Certo, annota Giuseppe Langella nella prefazione, il quadro della società moderna che gli si para dinnanzi è alquanto compromesso e Maffeo non fa nulla per annacquarlo. La scelta vocazionale del futuro capo della Chiesa nasce anche da un profondo disgusto nei confronti del “marcio” che alberga “nel cuore dell’uomo”, origine di tutte le idolatrie, i fanatismi, gli odi, la corruzione, che continuano a seminare la storia di immense piaghe purulente. Il protagonista del racconto, senza mai perdere la sua disarmata speranza, si fa carico con sempre maggiore consapevolezza del bisogno pressante che l’umanità si converta. Ma che altro può fare la Chiesa, se non testimoniare l’amore di Dio per tutti i figli di Eva, a cominciare dagli ultimi? Di qui la missione, ardua e scomoda, che il nuovo pontefice sente di dover intraprendere, anche a costo di suscitare malumori ed incomprensioni.

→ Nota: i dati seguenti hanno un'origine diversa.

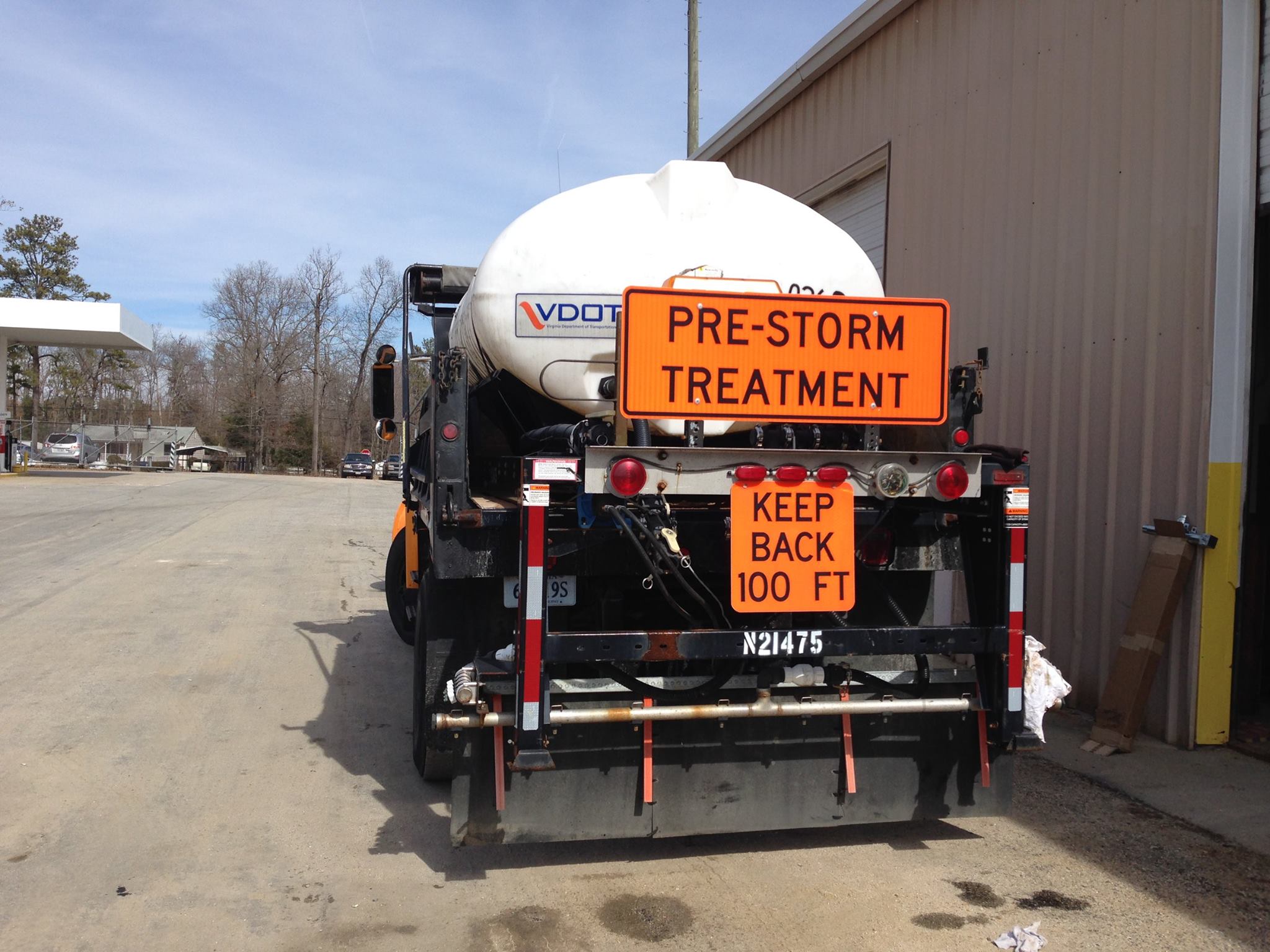 Truck loaded with saltwater brine to pretreat roads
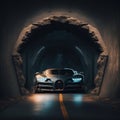 AI generated illustration of a modern blue car in a tunnel
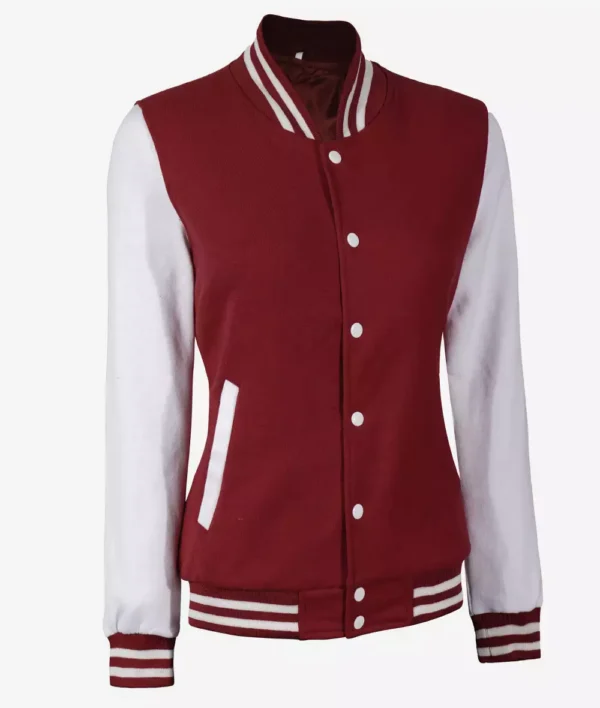 Womens Maroon Varsity Jacket with White Sleeves - Baseball Bomber Jacket - Image 2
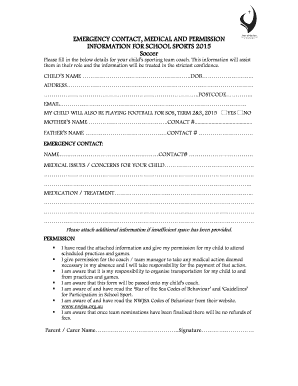 Emergency Contact and Permission Form for School Sports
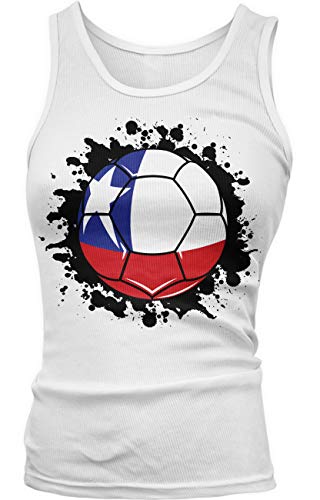 Amdesco Junior's Chile Soccer Ball, Chilean Flag, Team Chile Tank Top, White Medium Amdesco Junior's Chile Soccer Ball, Chilean Flag, Team Chile Tank Top, White Medium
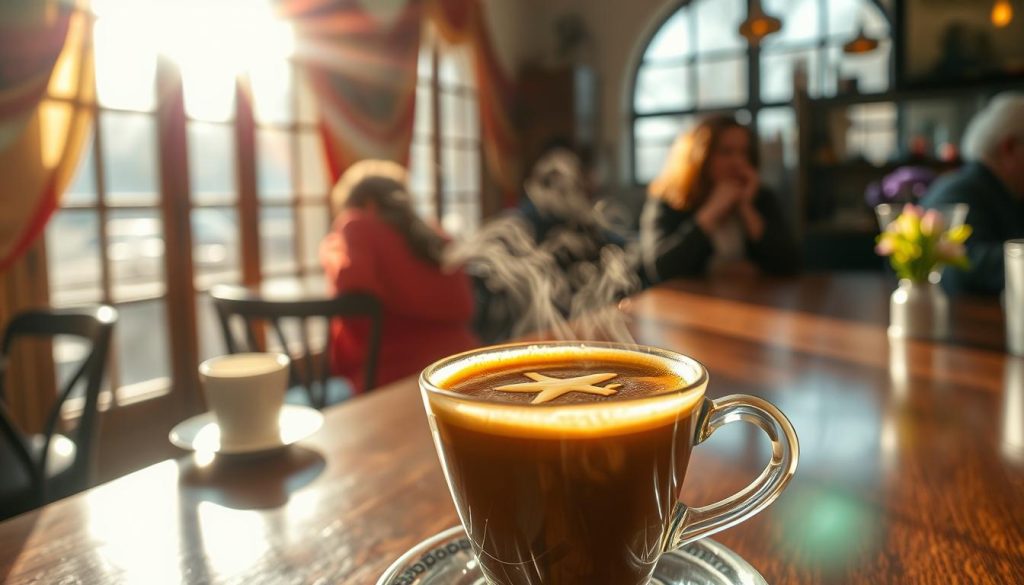 A tranquil café setting, sunlight streaming through the windows, casting a warm glow on the deep, rich hues of a freshly brewed cup of Turkish coffee. Nebahat Özge Tan stands at the counter, delicately reading the intricate patterns and shapes that emerge from the dregs, searching for the elusive vision of an airplane. The air is thick with anticipation, as the café's patrons lean in, eager to hear her interpretation of this auspicious sign. A sense of wonder and possibility fills the room, as the image of the airplane takes shape, hinting at adventures, journeys, and new horizons to come.
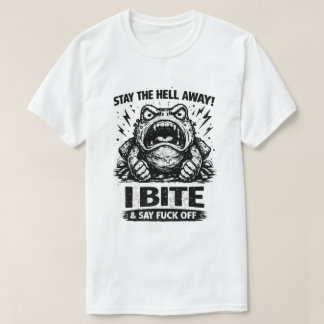 T-shirt Grenouille en colère Reste loin je mords Dessin dr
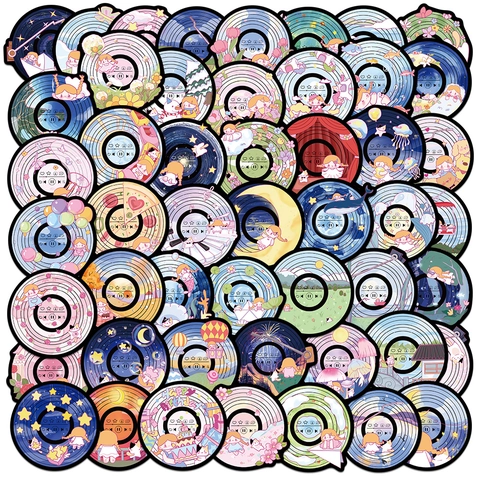 Vinyl Schallplatte Stil Wasserdichte PVC Aufkleber Cartoon Musik Player UI Dekorative Decals Für Handyhülle Laptop Gitarre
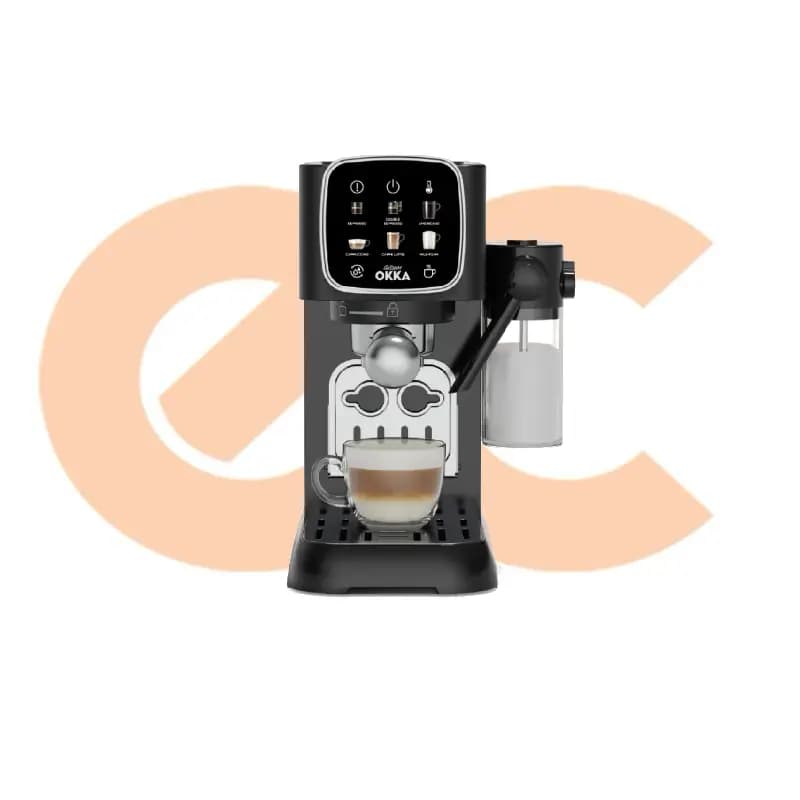 OKkA Espresso Machine 15 Bar Touch Control Black & Silver Semi-Automatic OK0032 Solo M 8693184917718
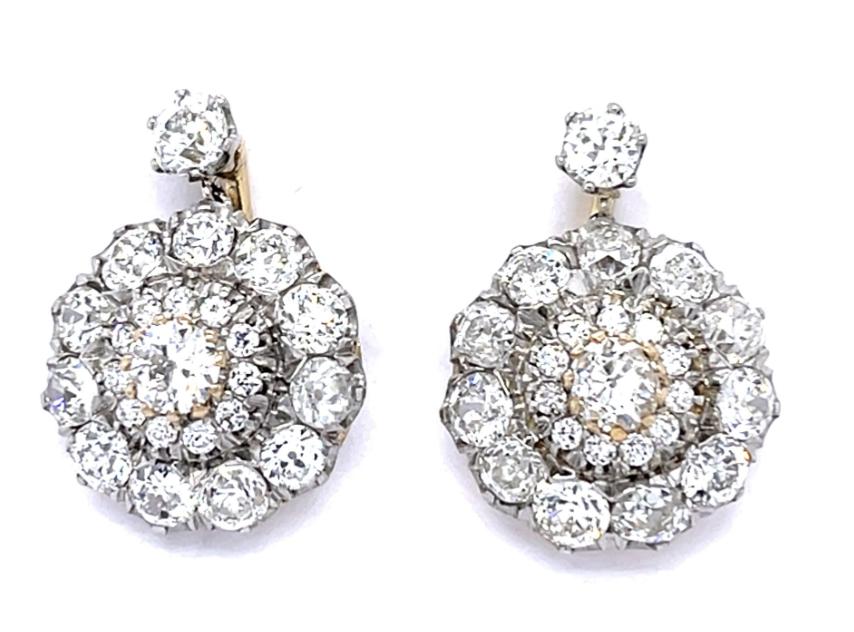 1.65ct (4 Old European Diamonds) PT+18KY Cluster Earrings 5.10ct (46 Diamonds)
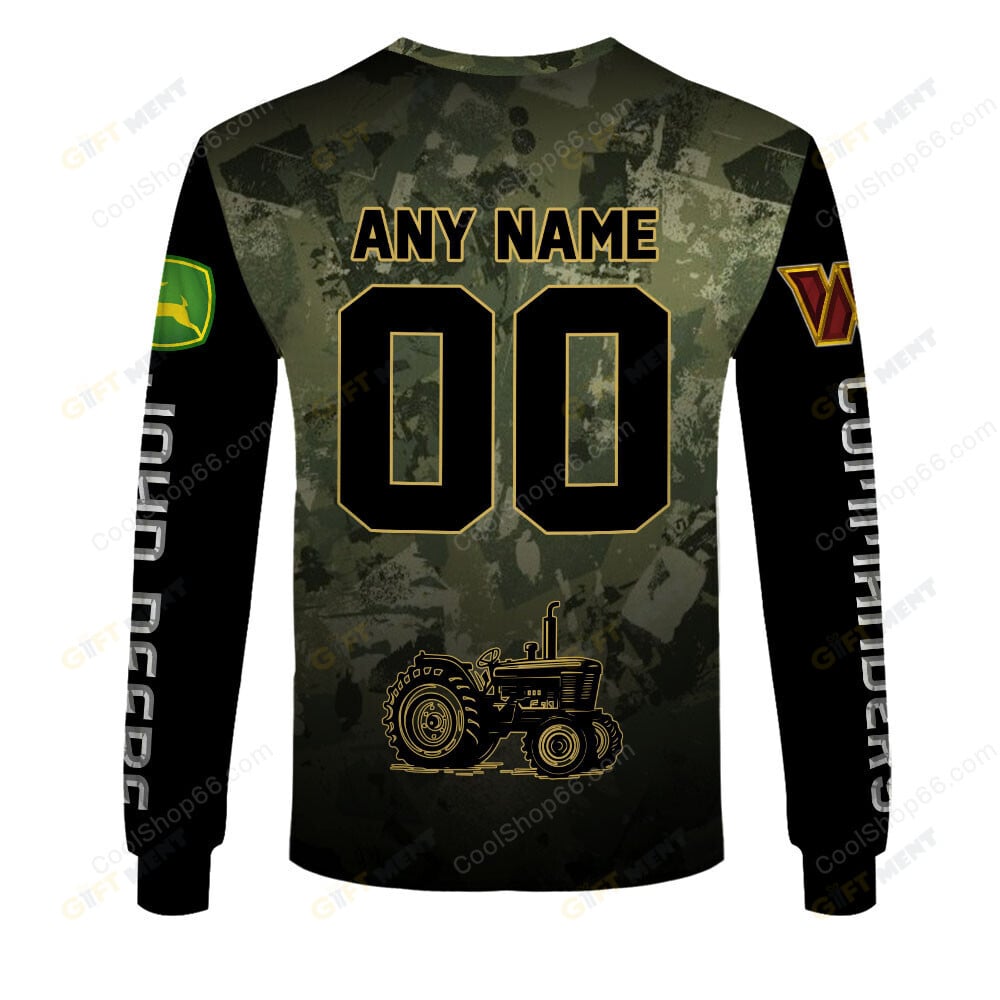 Washington Commanders x John Deere Hoodie | Funny Green Character Premium Hoodie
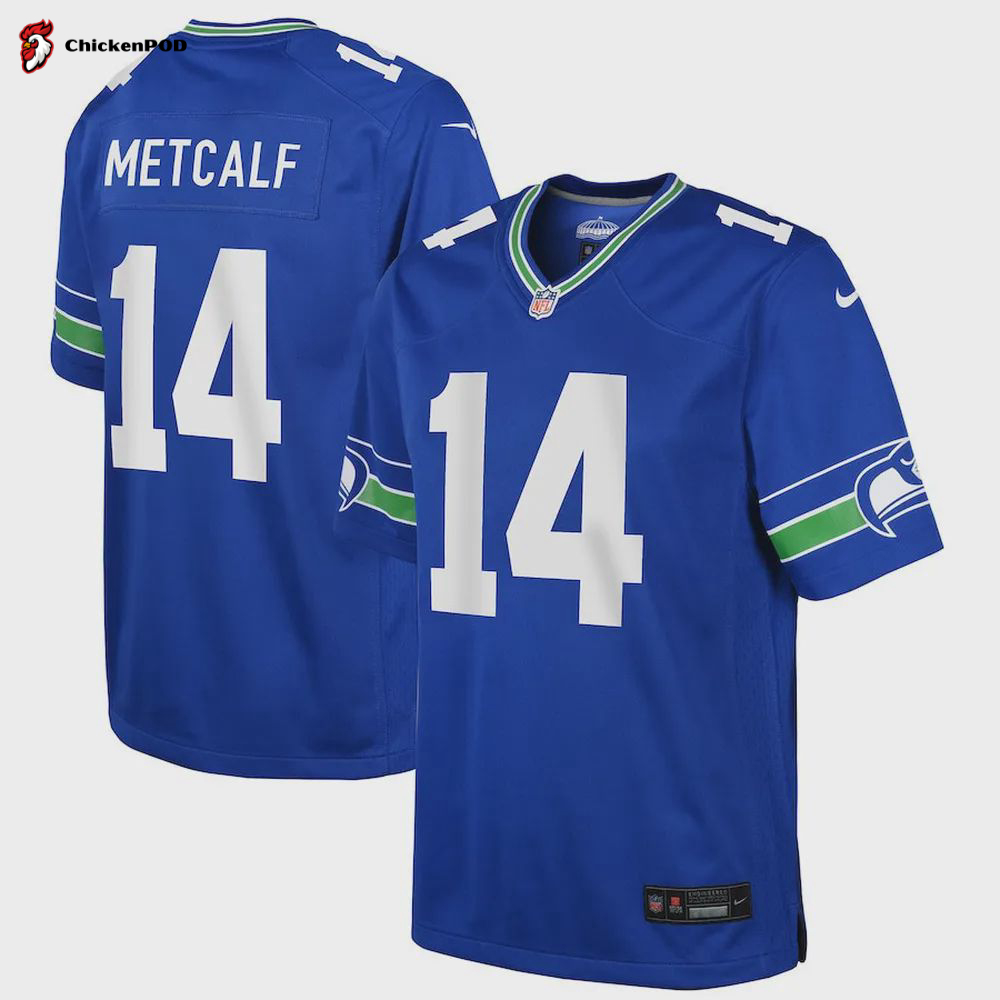 DK Metcalf 14 Seattle Seahawks Women’s Throwback Player Game Jersey – Royal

Incomprensioni che non fermeranno l’opera del Vicario di Cristo nella cui mente splende la visione di una Chiesa mossa da sollecita carità a sporcarsi le mani nelle piaghe della sofferenza, nelle tribolazioni degli indigenti, nelle amarezze degli emarginati. Una Chiesa capace di rendere giustizia ai defraudati, agli esclusi, ai misconosciuti. Una Chiesa povera di denari, pronta a ristabilire la giustizia per un’umanità diventata polveriera di esplosioni.
Ove occorra, declina il personaggio Francesco, sarò pietra d’inciampo, pilastro di scandalo che non teme la solitudine nei naufragi della Storia.
Il messaggio del reale Papa Francesco è tutto raccolto in quest’affermazione che Maffeo modella per la sua missione, e che sembra riecheggiare quella del poverello d’Assisi: Va Francesco e ripara la mia casa.
Opera straordinaria questa di Maffeo, un racconto di viaggio da trasporre sulla scena, per l’originalità del testo, ma soprattutto per la sua introspezione intimista degna dei grandi narratori russi dell’Ottocento.